> [WHAT YOU SHOULD DO]: Give back the full listing, character for character, with no pictures.

> [SOURCE DATA]:
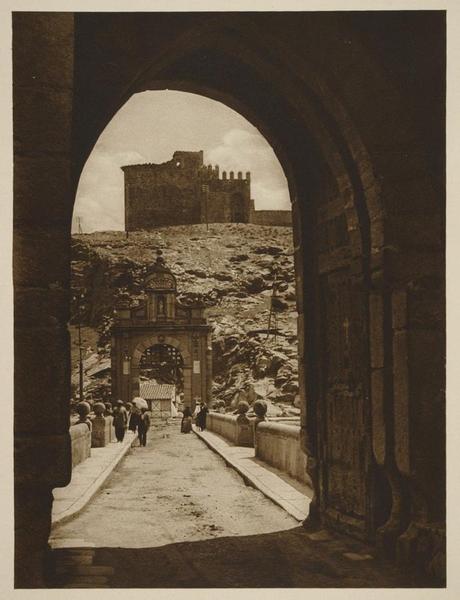Toledo en 1915 fotografiado por Kurt Hielscher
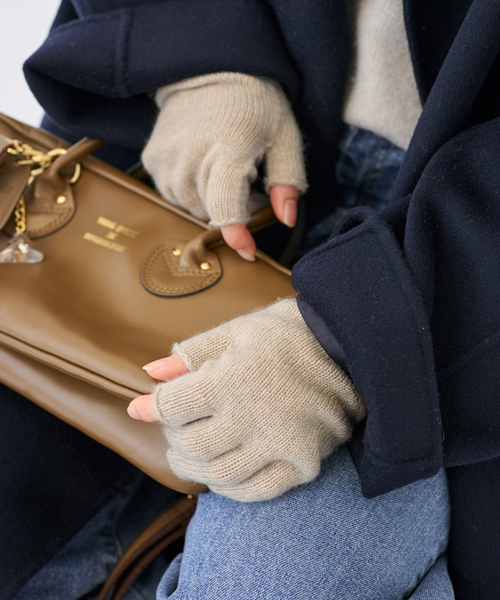 FRAMeWORK（フレームワーク）の「William Brunton ロングカーフグローブオープンターム（手袋・レディース・チャコールグレー/レッド/ライトグリーン/ベージュ・FREE）」の8枚目の写真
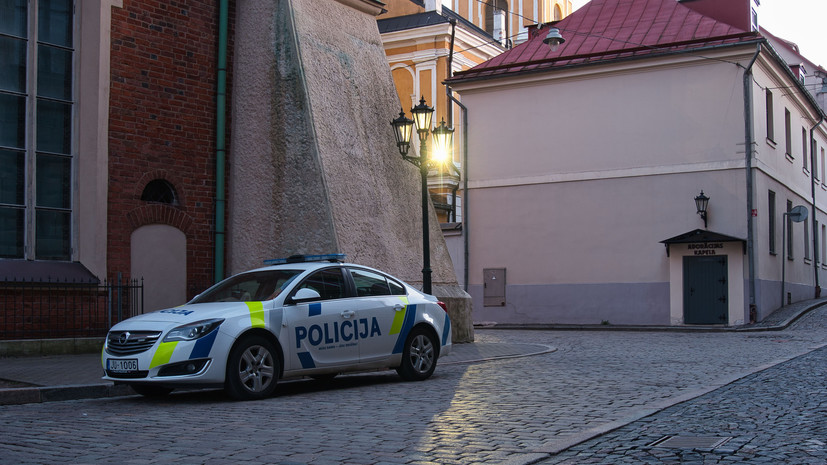 Полиция начала проверку из-за разговора латвийских патрульных на русском языке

> [SOLUTION FOR THIS TASK]:
Toledo en 1915 fotografiado por Kurt Hielscher
 FRAMeWORK（フレームワーク）の「William Brunton ロングカーフグローブオープンターム（手袋・レディース・チャコールグレー/レッド/ライトグリーン/ベージュ・FREE）」の8枚目の写真
 Полиция начала проверку из-за разговора латвийских патрульных на русском языке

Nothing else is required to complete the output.